# [WHAT IS EXPECTED]
From the first line of the material to the line containing "What's going on", inclusive, write out each line exactly, leaving out the pictures.

# [SUPPLIED MATERIAL]

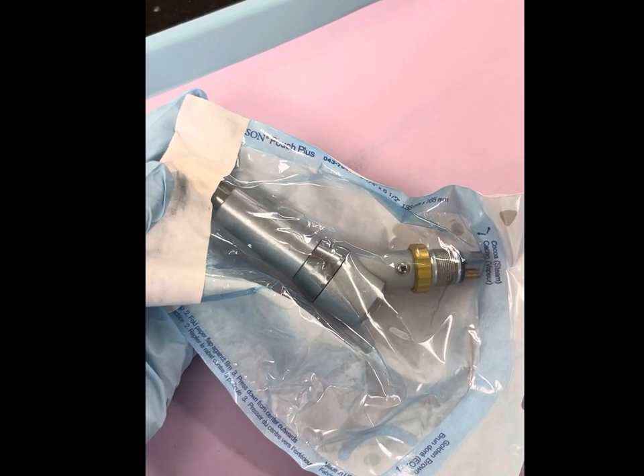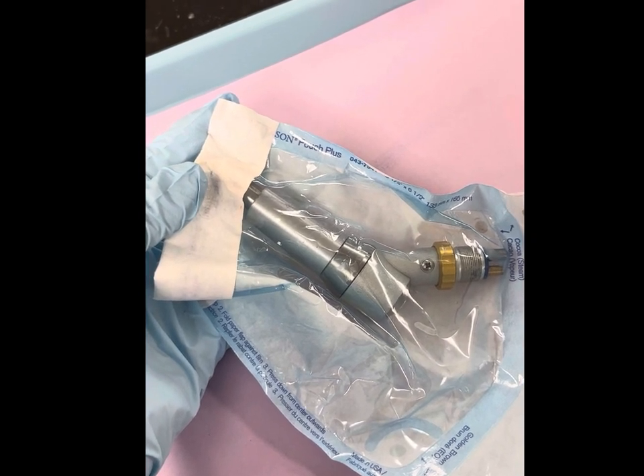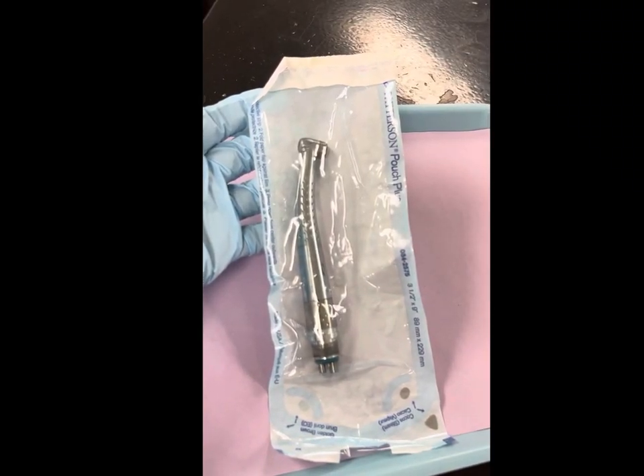This will be the slow speed handpiece used for the removal of soft decay, finishing cavity preparation, polishing, and trimming. Both slow pieces and high pieces will be used with burrs, stones, or discs.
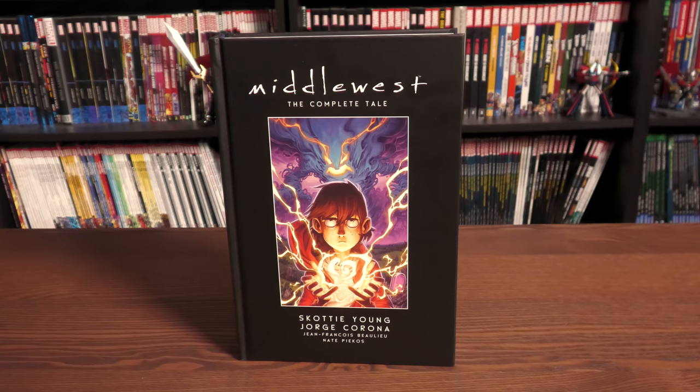What's going on all you Minties? This is the Uncanny Omar from Near Mint Condition. Join me for this overview of the Middle West Hardcover Edition from Image Comics. Let's get started.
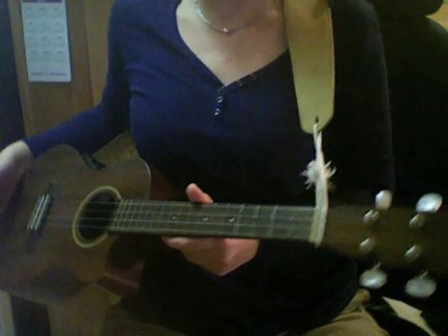Hey everybody, Jocelyn Oldham here from Williamsburg, Virginia. I'm going to show you how I like to play the Hello and Goodbye song on my ukulele. I'm going to tilt the camera down so you can see my fingers a little better. Here's my Cordoba ukulele.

# [WRITTEN ANSWER]
This will be the slow speed handpiece used for the removal of soft decay, finishing cavity preparation, polishing, and trimming. Both slow pieces and high pieces will be used with burrs, stones, or discs.
What's going on all you Minties? This is the Uncanny Omar from Near Mint Condition. Join me for this overview of the Middle West Hardcover Edition from Image Comics. Let's get started.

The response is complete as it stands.